**Data for this task:**
☆ ☆ ☆ ☆ ☆

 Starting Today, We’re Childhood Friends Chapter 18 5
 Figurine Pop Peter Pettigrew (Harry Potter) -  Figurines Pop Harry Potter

☆ ☆ ☆ ☆ ☆

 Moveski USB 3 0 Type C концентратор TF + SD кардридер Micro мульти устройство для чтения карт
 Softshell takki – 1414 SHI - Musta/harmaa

☆ ☆ ☆ ☆ ☆

**What you will do:** Your answer must be the lines above from the one containing "Starting Today, We’re" to the one containing "Figurine Pop Peter", both included, restated word for word.

**Exercise result:**
 Starting Today, We’re Childhood Friends Chapter 18 5
 Figurine Pop Peter Pettigrew (Harry Potter) -  Figurines Pop Harry Potter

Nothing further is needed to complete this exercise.